How The Pandemic Is Impacting The Arizona Arts Community
Mike Pfister is a well-known Valley drummer and ASU instructor who was used to playing at popular venues in Phoenix prior to the pandemic.
Six months in, he misses live audiences and knows it’s the same for anyone who’s creative.
“This goes across creatives, whether it’s dance, music or painting. Part of, I think, what we thrive on is connecting and playing with other people and connecting with audiences,” he said.
Pfister has been acquiring fresh digital skills to keep practicing and sharing music. “I was just not on top of home recording or doing recording and sharing tracks, and it was actually another musician that I play with in a group that kind of hipped me to: ‘These are the things that you need, and this is how to track stuff. This is how to share it,’” he said.
For poets and authors like Anna Flores, the vibrations of live reading are silent as cafes and bookstores are shuttered to crowds.
“In the last couple of years, I was really practicing performing poetry in an authentic way and then this virus, this pandemic happened and I’m having to come to terms with that stunted journey,” she said.
Still, Flores tries to remain relevant with her recent poem about the tenant crisis caused by high unemployment, a few lines of which read: “Outside a pair of shiny elevator doors hang from a crane, an abandoned pendulum in the sky. Under the swaying, many of us are only able to hallucinate the act of sending you a check on the first.”
The actual letter to her landlord that inspired those lines was published earlier this year in The Nation.
Valley-based indie filmmaker Robert Conway shot his latest movie this summer on a mountain in Arizona. It’s called “Skinwalker” and is based on a Native American myth about a malevolent spirit that enters others.
Six months in, he’s in post-production.
“I’m actually color grading it as we speak,” said Conway during a recent episode of “Word,” KJZZ’s podcast about the literary arts in Arizona and the region.
I responded, “Right on. We’ve caught you live amid production,” and asked, "What is it, ‘life imitates art?’”
“That’s it,” laughed Conway.
The film is expected to debut in the first quarter of 2021.
Conway said the movie is inspired by the pandemic and was shot on a small budget with the cast and crew essentially quarantined near Roosevelt Lake. “We did the best we could which, sad to say, isn’t much. You do the masks until you roll.

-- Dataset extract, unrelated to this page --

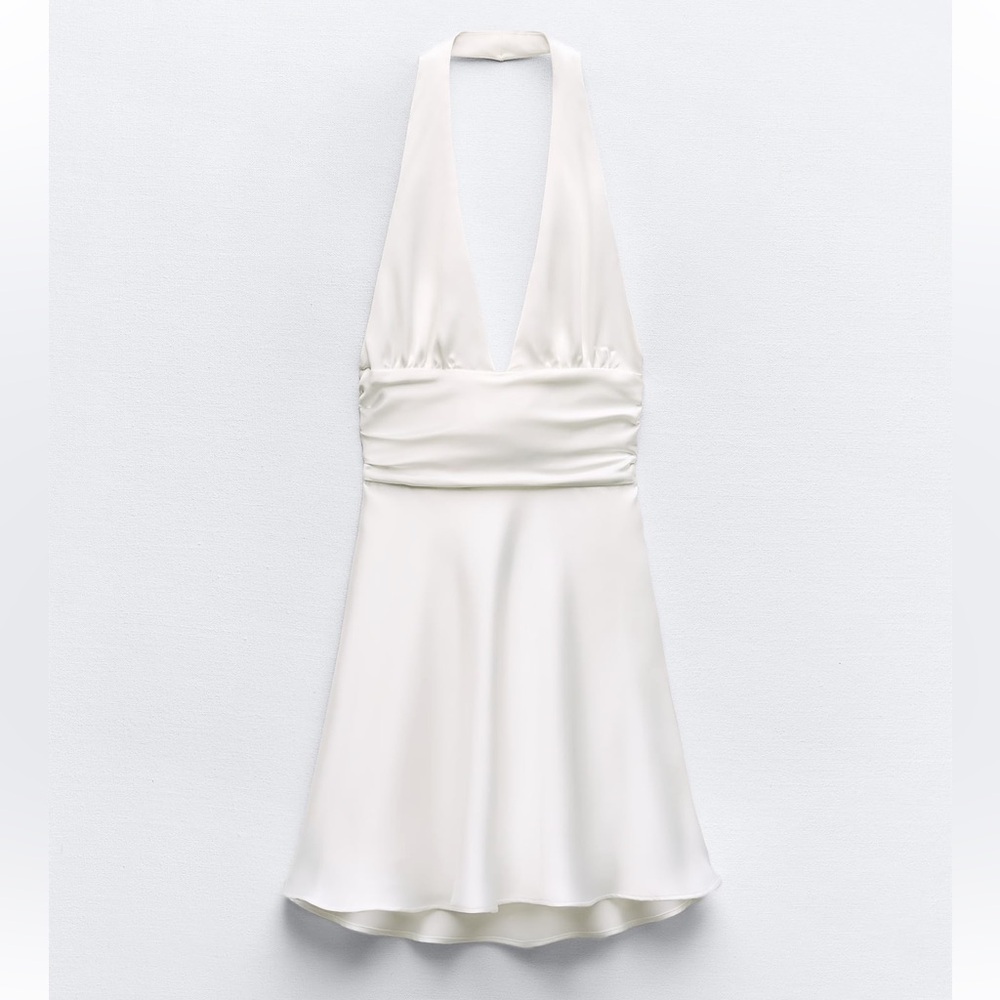 Zara satin effect halter dress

You hope that nobody gets sick and we were lucky.”
Arizona Theatre Company’s associate artistic director Chanel Bragg pushes back against the notion that its stages have been dark as its virtual offerings continue for free.
“I don’t think we’ve really gone dark, like at all. In fact, art is still essential and we are fighting tooth and nail to try to still bring something so special that means so much to all of us,” said Bragg.
The theater continues to offer free digital content on its website.
Even puppeteers are reimagining their performances.
Six months in, the Great Arizona Puppet Theater has moved to a drive-in model, and founder Nancy Smith and her daughter Gwen Bonar have looked to the past to deal with the present.
“So when this pandemic happened and we needed something that was going to be big and up high for everybody to see from the drive-in, we went back to some of our original shows,” said Bonar. “So, it’s been interesting touching up some of these shows that some of them haven’t seen the light of day in over 30 years.”
Because she and her mom are in a pod, they do the majority of the shows together to adhere to recommended public health guidelines.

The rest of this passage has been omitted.